= Work to complete =
Find the line below with "Pneumonia, conceptual artwork View" and the line with "Mataranka Thermal Pool". Output them and the lines between, exactly, but not the pictures.

*** Data provided ***

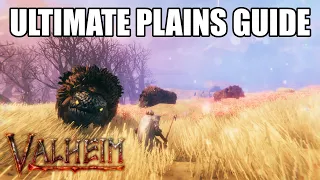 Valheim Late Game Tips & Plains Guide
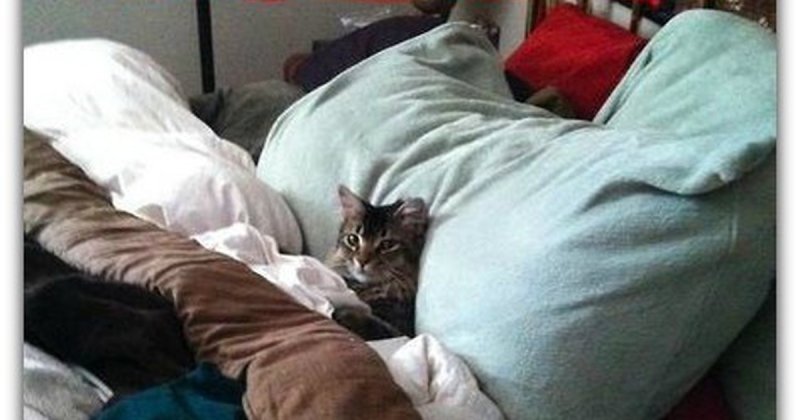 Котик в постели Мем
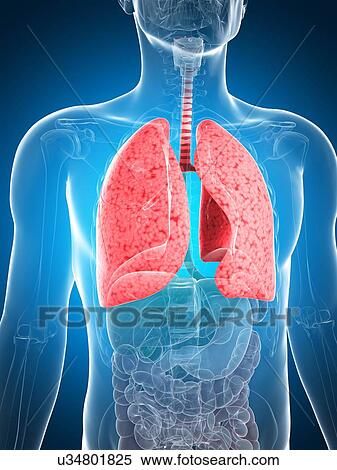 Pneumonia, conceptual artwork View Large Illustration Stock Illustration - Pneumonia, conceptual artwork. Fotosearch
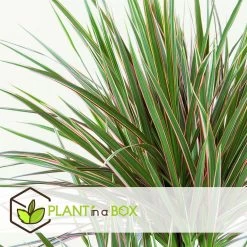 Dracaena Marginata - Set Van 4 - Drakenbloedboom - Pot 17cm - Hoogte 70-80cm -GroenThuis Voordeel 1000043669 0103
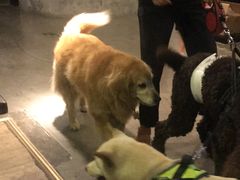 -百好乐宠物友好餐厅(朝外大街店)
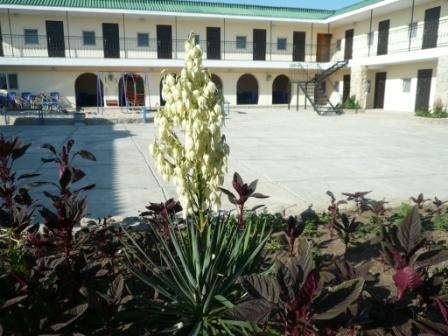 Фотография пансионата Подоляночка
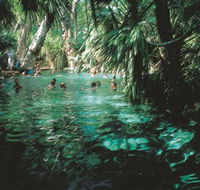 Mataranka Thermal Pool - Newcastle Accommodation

*** End of Data provided ***
*** Data provided ***

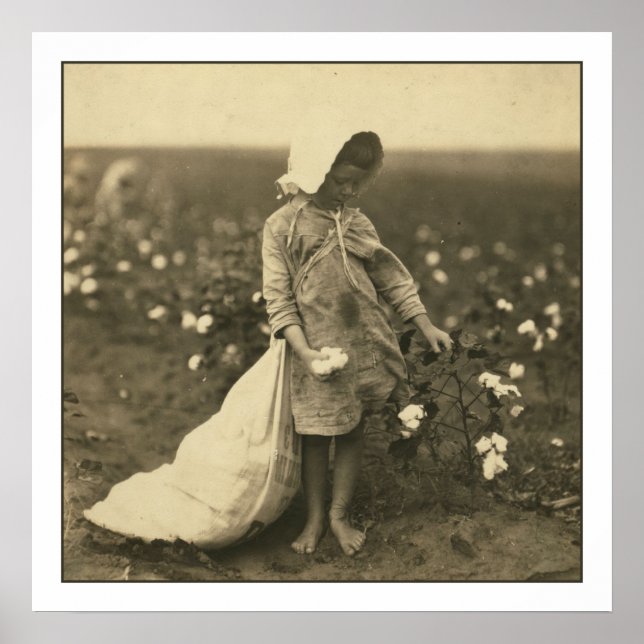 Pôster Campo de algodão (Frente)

*** End of Data provided ***
*** Data provided ***

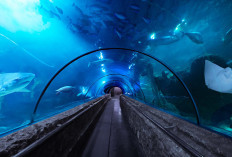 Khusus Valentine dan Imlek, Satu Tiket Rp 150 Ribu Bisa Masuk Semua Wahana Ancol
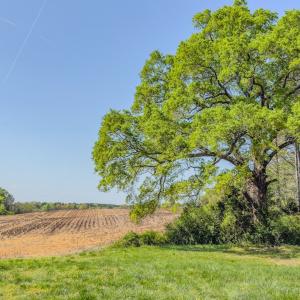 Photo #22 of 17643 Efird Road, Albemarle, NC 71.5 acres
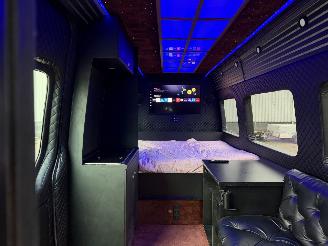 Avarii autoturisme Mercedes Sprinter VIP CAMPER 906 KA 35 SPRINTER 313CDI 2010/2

*** End of Data provided ***

= Solution to the exercise =
 Pneumonia, conceptual artwork View Large Illustration Stock Illustration - Pneumonia, conceptual artwork. Fotosearch
 Dracaena Marginata - Set Van 4 - Drakenbloedboom - Pot 17cm - Hoogte 70-80cm -GroenThuis Voordeel 1000043669 0103
 -百好乐宠物友好餐厅(朝外大街店)
 Фотография пансионата Подоляночка
 Mataranka Thermal Pool - Newcastle Accommodation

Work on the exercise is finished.